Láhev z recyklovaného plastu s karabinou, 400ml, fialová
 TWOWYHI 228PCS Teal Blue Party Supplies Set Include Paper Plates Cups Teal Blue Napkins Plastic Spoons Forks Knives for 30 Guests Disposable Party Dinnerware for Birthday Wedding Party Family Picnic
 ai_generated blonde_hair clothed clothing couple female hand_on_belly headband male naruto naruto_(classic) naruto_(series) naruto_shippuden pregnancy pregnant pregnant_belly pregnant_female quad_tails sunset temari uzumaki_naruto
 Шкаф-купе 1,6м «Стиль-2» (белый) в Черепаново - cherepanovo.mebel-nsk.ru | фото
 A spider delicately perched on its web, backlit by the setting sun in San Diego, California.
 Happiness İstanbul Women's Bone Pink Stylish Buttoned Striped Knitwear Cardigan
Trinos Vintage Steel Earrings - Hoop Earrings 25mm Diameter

:: What you need to do ::
Repeat the data above, word for word.

:: Reply ::
Láhev z recyklovaného plastu s karabinou, 400ml, fialová
 TWOWYHI 228PCS Teal Blue Party Supplies Set Include Paper Plates Cups Teal Blue Napkins Plastic Spoons Forks Knives for 30 Guests Disposable Party Dinnerware for Birthday Wedding Party Family Picnic
 ai_generated blonde_hair clothed clothing couple female hand_on_belly headband male naruto naruto_(classic) naruto_(series) naruto_shippuden pregnancy pregnant pregnant_belly pregnant_female quad_tails sunset temari uzumaki_naruto
 Шкаф-купе 1,6м «Стиль-2» (белый) в Черепаново - cherepanovo.mebel-nsk.ru | фото
 A spider delicately perched on its web, backlit by the setting sun in San Diego, California.
 Happiness İstanbul Women's Bone Pink Stylish Buttoned Striped Knitwear Cardigan
Trinos Vintage Steel Earrings - Hoop Earrings 25mm Diameter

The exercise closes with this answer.